The rutabaga's nickname is "Swede," so what it's doing in the soup at the Sons of Norway is a bit of a mystery.
Don't let this big, ugly vegetable often lumped with turnips and parsnips in the produce section at the grocery store discourage you. Rutabaga is delicious mashed with just about any other root vegetable along with plenty of butter. The waxy exterior is easily removed with a very sharp knife.
We didn't have rutabaga at our house, so I was an adult before I ever tried it. My introduction was at John and Sylvia Hove's table many years ago. Sylvia made a wicked good lapskaus, a Norwegian meat and vegetable stew.
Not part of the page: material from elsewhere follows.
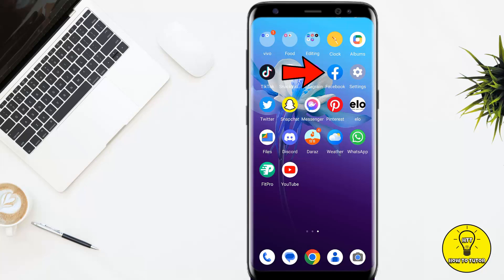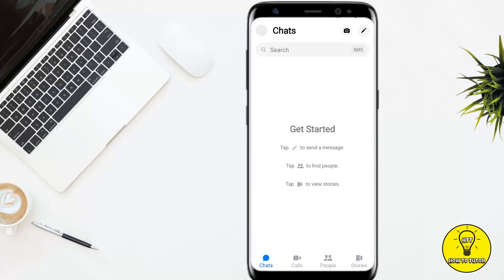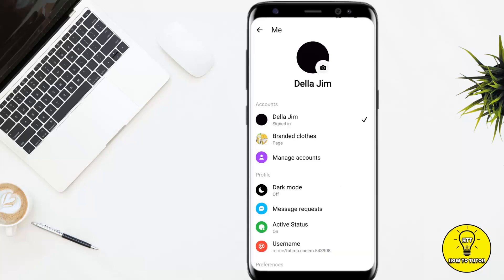First of all, you have to open up the Facebook Messenger application and make sure that your account has been logged in. Then simply tap on your profile picture icon at the top left corner of the screen. Here you can see a bunch of options.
My second taste of this sturdy root was in a class given by my French cooking teacher, Mary Helen DeLong, called Thanksgiving in the French Manner. The dish was a mélange of equal parts of mashed rutabaga and sweet potatoes with lots of butter.
And now I have sampled a delicious Cream of Rutabaga Soup at the Sons of Norway.
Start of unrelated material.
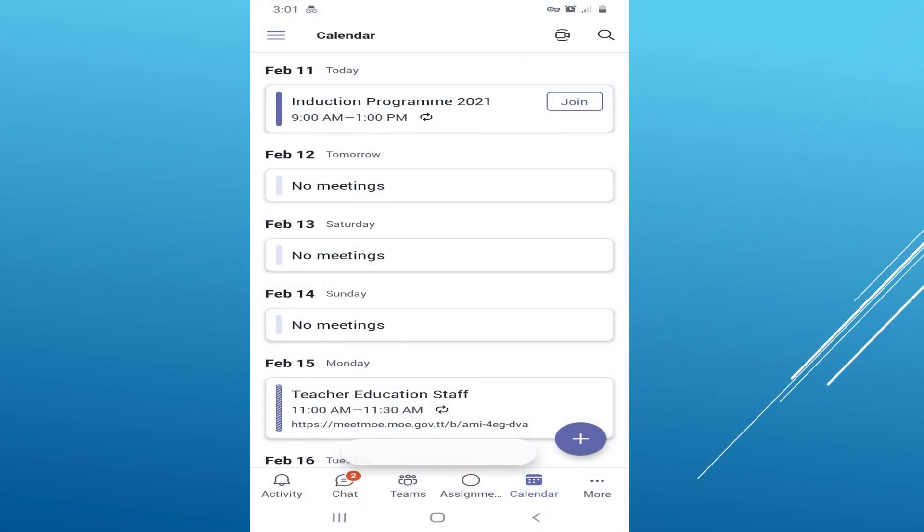So leave the meeting, then open the Teams app on your phone. When it opens up, the first thing that should open is the calendar.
Created by their chef, Phil Hokanson, who also had his hand in the Rømmegrøt Pie I wrote about, it is a fine addition to my soup recipe collection and to the lunches at the SON club.
Phil, a native of Warroad, Minn., moved to Bemidji with his family where they operated a resort. It was there that he first started cooking. Later, his family moved to Moorhead, where he graduated from high school. He then entered the chef training program at Minnesota State Community and Technical College in Moorhead.
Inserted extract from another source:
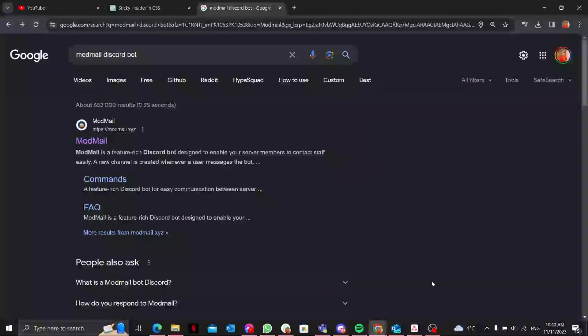Hello guys, I hope you all are doing fine. Today we'll delve into the functionalities of the ModMail Discord bot, a powerful tool for managing communication within your server.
He's had a lot of experience, including opening a restaurant with his brother in Montana and working as a chef at the IBM plant in Rochester, Minn. He came to Fargo's Sons of Norway in 2008.
Although he hadn't had a lot of experience cooking Norwegian recipes, he likes to try new dishes, and making soups is his favorite part of cooking.
Phil's Cream of Rutabaga Soup
2 to 3 tablespoons butter
1 large onion, chopped
1 large carrot, diced
4 cups good chicken stock
2 to 3 heaping cups chopped rutabaga
1 cup whole milk
1 cup heavy cream
Salt and white pepper, to taste
Sauté the onion in butter until softened. Add carrot and cook for about five minutes. Pour in chicken stock and add rutabaga. Bring to a simmer, cover and cook until rutabaga is tender.
Uncover soup. Using a slotted spoon, mash up some of the rutabaga, leaving some whole pieces for texture. Add milk and cream. and season to taste. Heat through. Serves 6 to 8.
If soup seems too thin, make a slurry with a few tablespoons of flour dissolved in ½ cup of milk and add it into the soup, stirring to combine. Let soup simmer again for about five minutes to cook the flour.